Use deviance (-2 log likelihood fitted/likelihood saturated)
How to do Poisson regression for rates?
Replace the mean count with lambda_i * t_i (the rate times the amount of time)
Assumptions for Poisson regression for rates
For rates: we assume the rate is constant over time within an individual
For rates from summary data: in addition, we assume that each individual in a group follows a Poisson distribution with the same mean
How do we do Poisson regression with standardized rates?
Calculate an expected count for each group based on the standardization variables, and use this as an offset term
How do we assess overdispersion in Poisson regression?
Use standardized residuals, which should be appx independent with mean 0 and variance 1. Can evaluate plot or use a test statistic where the sum of squared residuals is chi square distributed with df = n-p-1. To estimate the magnitude of overdispersion, we use the sum of this test statistic divided by n-p-1.
What is a problem with the log binomial model?
Because it is non-canonical, it is less stable than the logistic binomial model and may fail to converge, in which case you can fit a Poisson model with robust variance estimates.
Assumption for non-parametric survival analysis
Non-informative censoring
How to calculate the survivor function
Multiply 1-h(t_j) for all periods up to the one being considered
What happens to the mean survival time if the last observation is censored?
Results in an underestimate of the true mean
How to compare survival at a fixed time point?
Examine whether the survival curves for that time point have overlapping confidence intervals
What is the Kaplan-Meier estimator used for?
Used to estimate s(t) in the presence of censoring
What is the log-rank test used for?
Used to compare survival across the entire distribution
When do we need a Cox proportional hazards model?
When we have more than a single binary covariate
What does the baseline hazard in a Cox model represent?
The underlying hazard when all covariates are equal to zero (not estimated)
What is the distinction for the likelihood estimation procedure used in a Cox model?
Partial maximum likelihood estimation – conditioned on the observed event times
What assumptions do we need for the Cox model?
Proportionality of hazards
Linear relationship between continuous covariates and log hazard
Non-informative censoring
What happens with ties in a Cox model?
If censoring and event times coincide, the event is assumed to come first.
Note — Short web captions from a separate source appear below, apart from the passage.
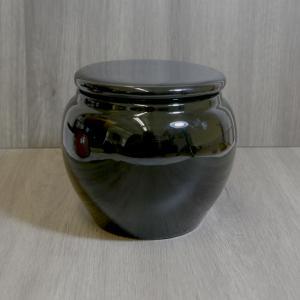 Savinelli Aurora Ceramic Tobacco Jar - Black (End of Line)
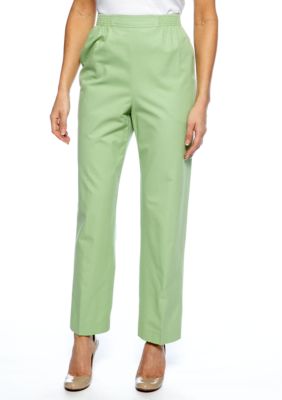 Alfred Dunner Petite Summer Haze Pant Short Inseam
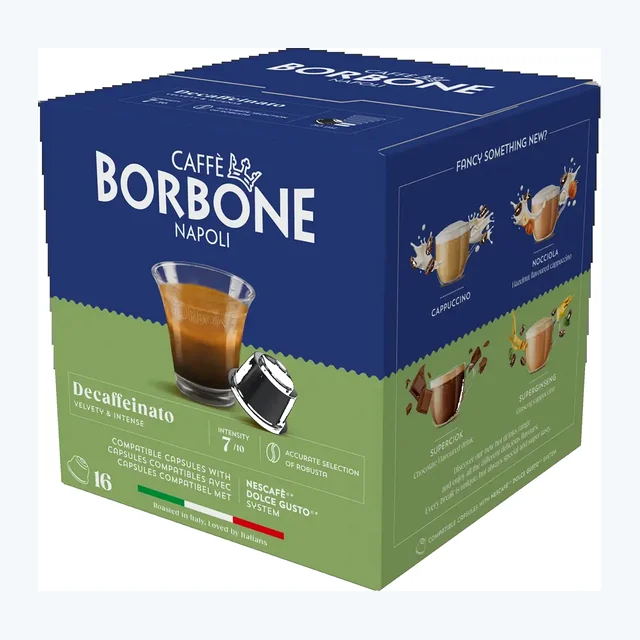 Caffe Borbone Decaf Dolce Gusto Compatible Coffee Capsules - 16 Capsules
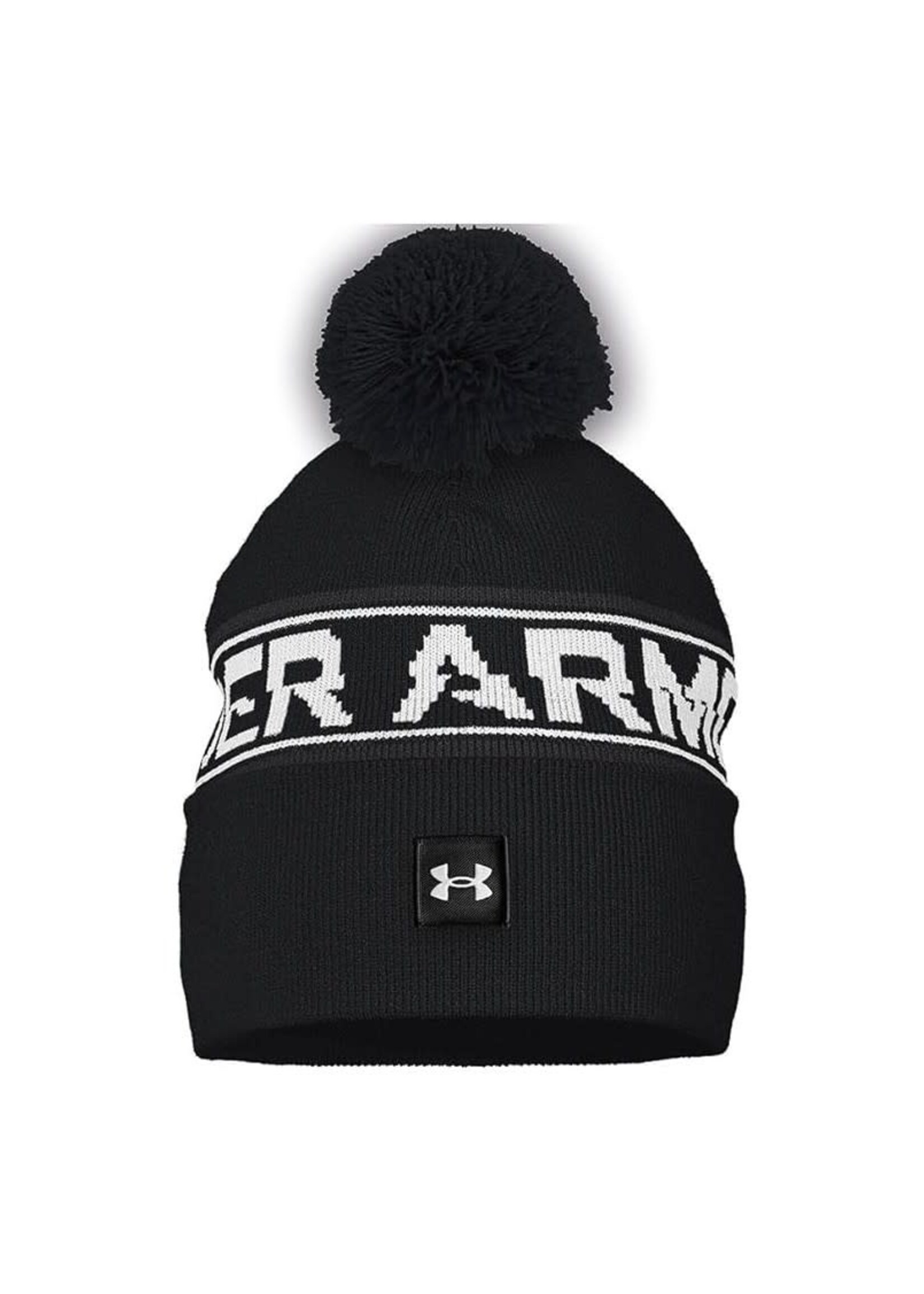 Under Armour Ua Men'S Halftime Pom Beanie-Blk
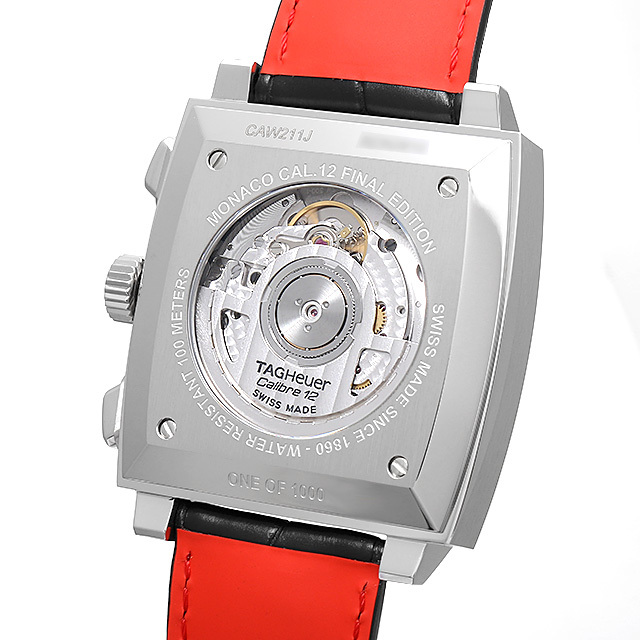 TAG HEUER Monaco Chronograph Calibre 12 Limited edition of 1000 pieces CAW211J. FC6476 New Men's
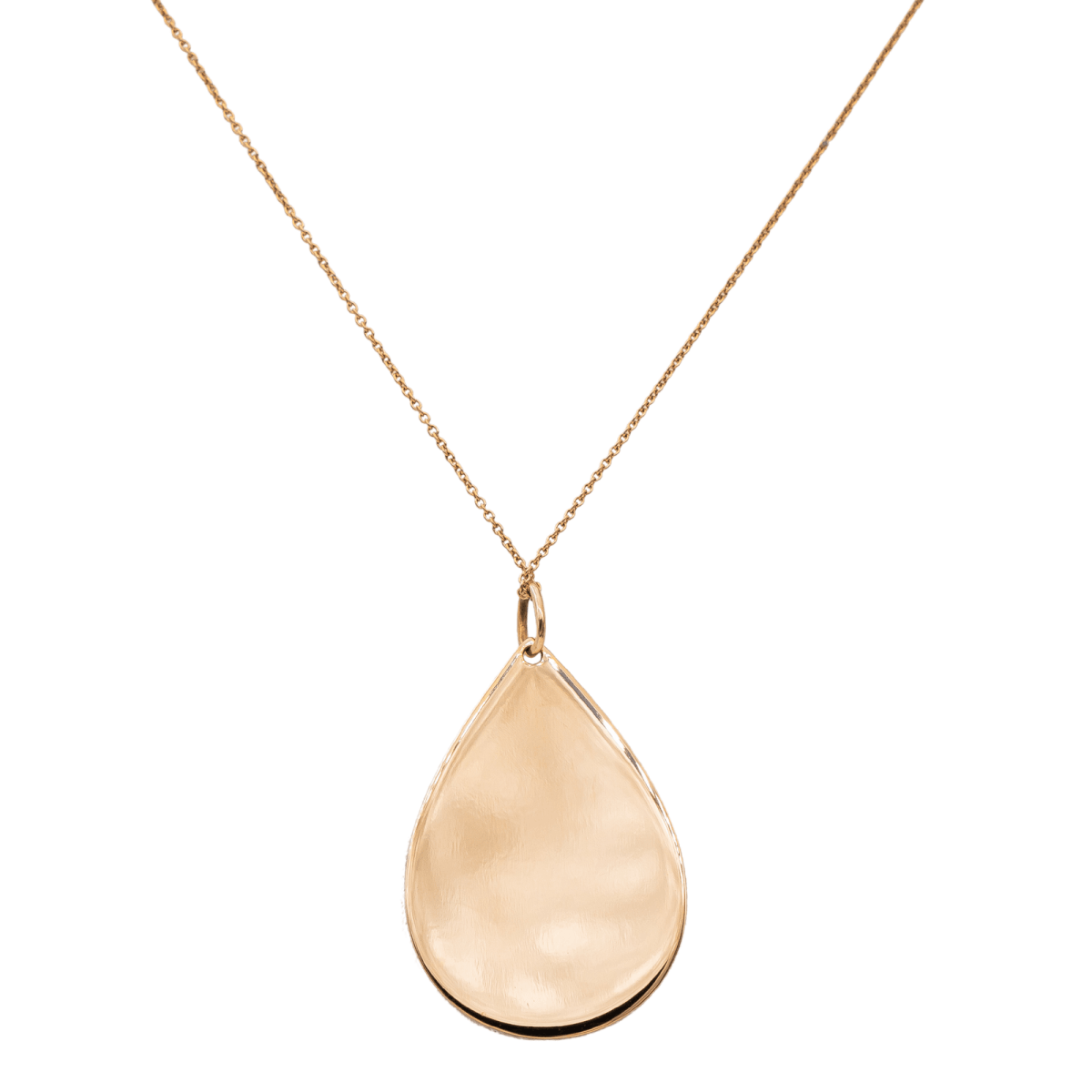 Ginette NY Necklace Bliss on Chain pendant Rose gold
Otherwise, there are several methods, with exact best for small numbers of ties, and Efron’s method preferable with many ties.
What is the difference between MSE and the variance of the sampling distribution?
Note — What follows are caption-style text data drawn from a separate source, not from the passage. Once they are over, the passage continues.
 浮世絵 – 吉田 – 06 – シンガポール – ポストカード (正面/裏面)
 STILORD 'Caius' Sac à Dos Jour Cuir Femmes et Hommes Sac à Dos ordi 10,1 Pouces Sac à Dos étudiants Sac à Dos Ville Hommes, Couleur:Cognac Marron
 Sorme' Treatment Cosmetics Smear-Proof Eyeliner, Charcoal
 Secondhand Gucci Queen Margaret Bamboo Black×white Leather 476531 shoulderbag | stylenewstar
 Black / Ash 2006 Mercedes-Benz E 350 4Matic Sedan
The variance of the sampling distribution is relative to the expected value of the estimator, while the MSE is relative to the true population value of the parameter. They are equal when there is no bias.
How do we quantify reliability?
In terms of estimator’s sampling variance/standard error
How do we quantify validity?
In terms of the bias of the estimator (difference between expected value and population true value)
How do we quantify accuracy?
Using MSE/RMSE
How many possible samples of size n can come from a group of N elements?
(N n) = N!/(n!(N-n)!
When do we use the finite population correction? What happens if we do not?
When calculating the sampling variance in a simple random sample. We multiply the regular sampling variance formula by (1-f) where f is the sampling fraction, n/N. If we do not use the correction, the standard error of the parameter estimate will be overestimated.